DESCRIPTION OF THE TASK —
The whole listing is to be restated word for word with no images.

INPUT FOR THIS TASK —
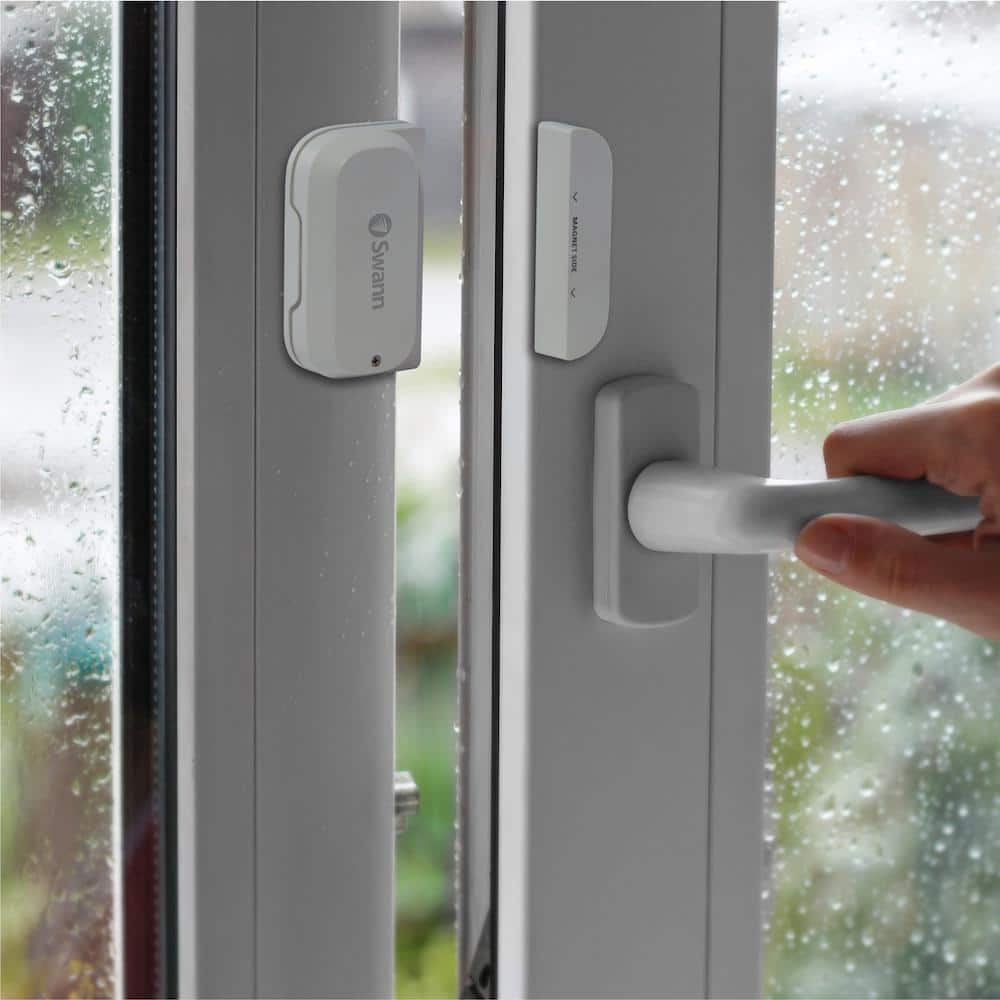Swann Home Alert Wi-Fi Smart Wireless Window Door Sensor Alarm Kit (1-Pack) (3)
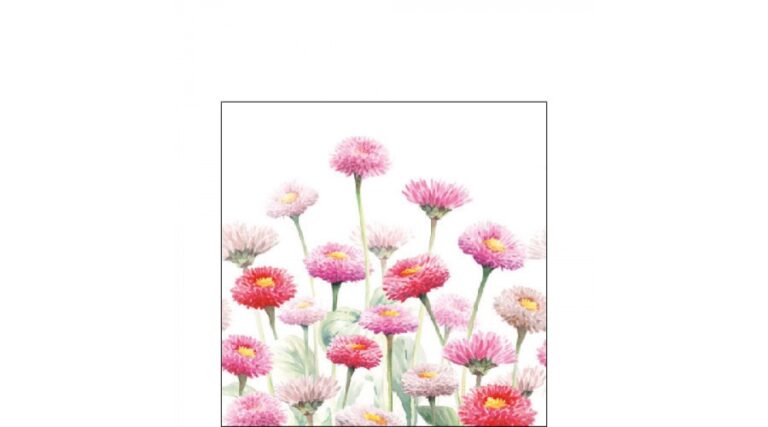 AMB.12517020 Painted Bellis papírszalvéta 25x25cm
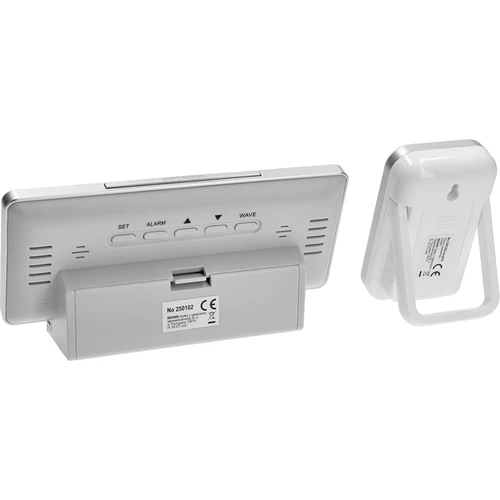 RCC, DCF ilmajaam – elektrooniline, juhtmevaba, taustvalgustusega andur, valge - 4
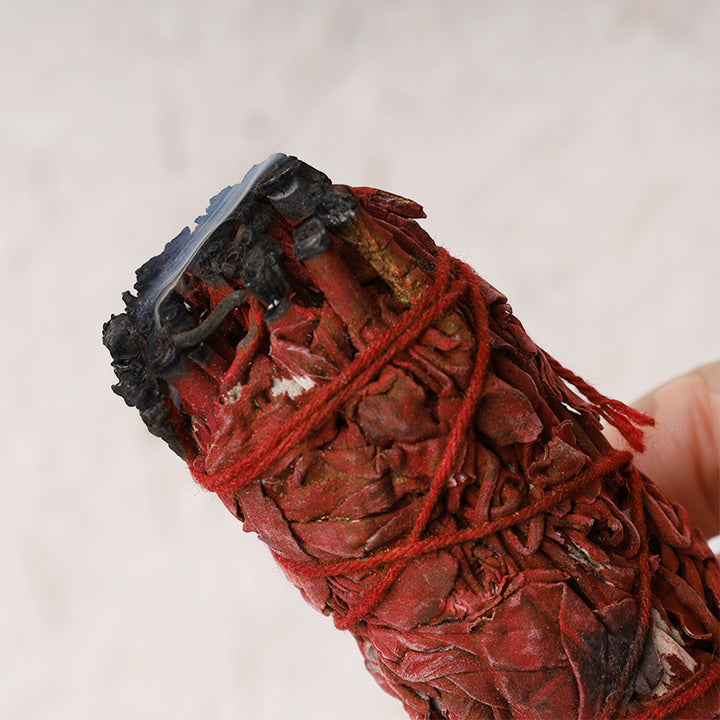 Buddha Stones Dragon's Blood Sage Smudge Stick for Home Negative Energy Cleansing Incense Healing Meditation Rituals - image 2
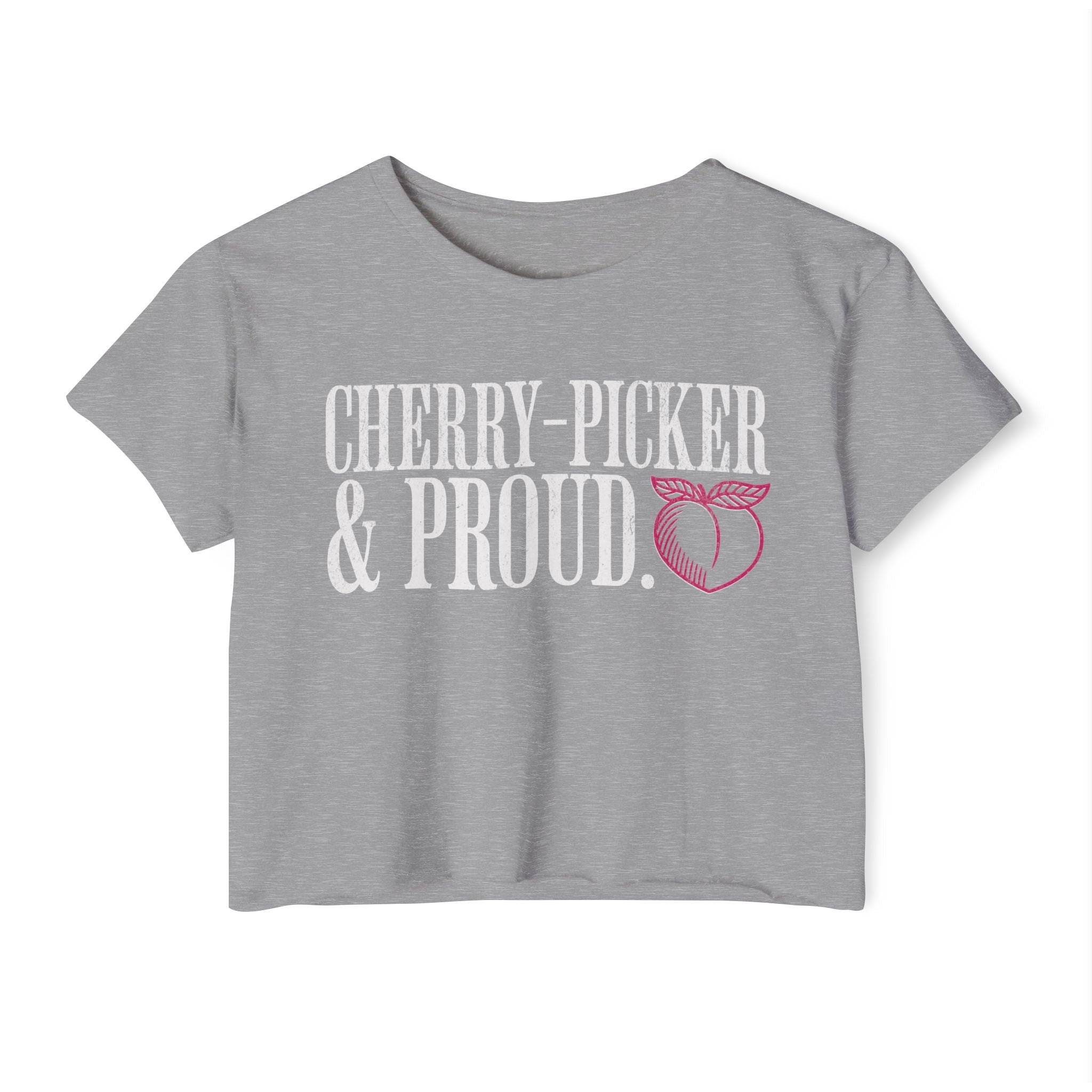 Cherry-Picker and Proud Crop Top | Women's Funny Crossfit T-shirt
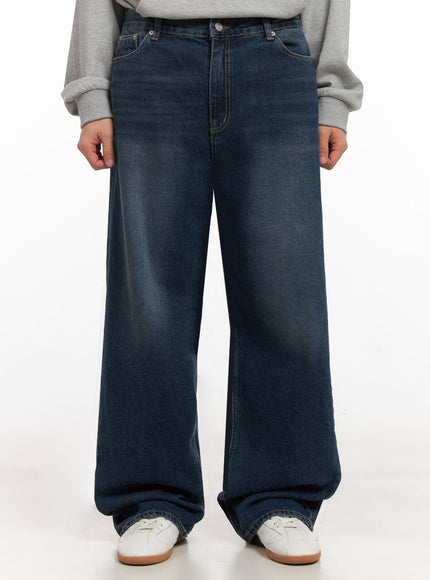 mens-wide-fit-denim-jeans-id427 / Dark blue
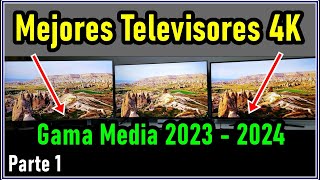 MEJORES TELEVISORES 4K DE GAMA MEDIA 2023  2024  PARTE 1 [upl. by Adnohsad]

ANSWER SECTION —
Swann Home Alert Wi-Fi Smart Wireless Window Door Sensor Alarm Kit (1-Pack) (3)
 AMB.12517020 Painted Bellis papírszalvéta 25x25cm
 RCC, DCF ilmajaam – elektrooniline, juhtmevaba, taustvalgustusega andur, valge - 4
 Buddha Stones Dragon's Blood Sage Smudge Stick for Home Negative Energy Cleansing Incense Healing Meditation Rituals - image 2
 Cherry-Picker and Proud Crop Top | Women's Funny Crossfit T-shirt
 mens-wide-fit-denim-jeans-id427 / Dark blue
 MEJORES TELEVISORES 4K DE GAMA MEDIA 2023  2024  PARTE 1 [upl. by Adnohsad]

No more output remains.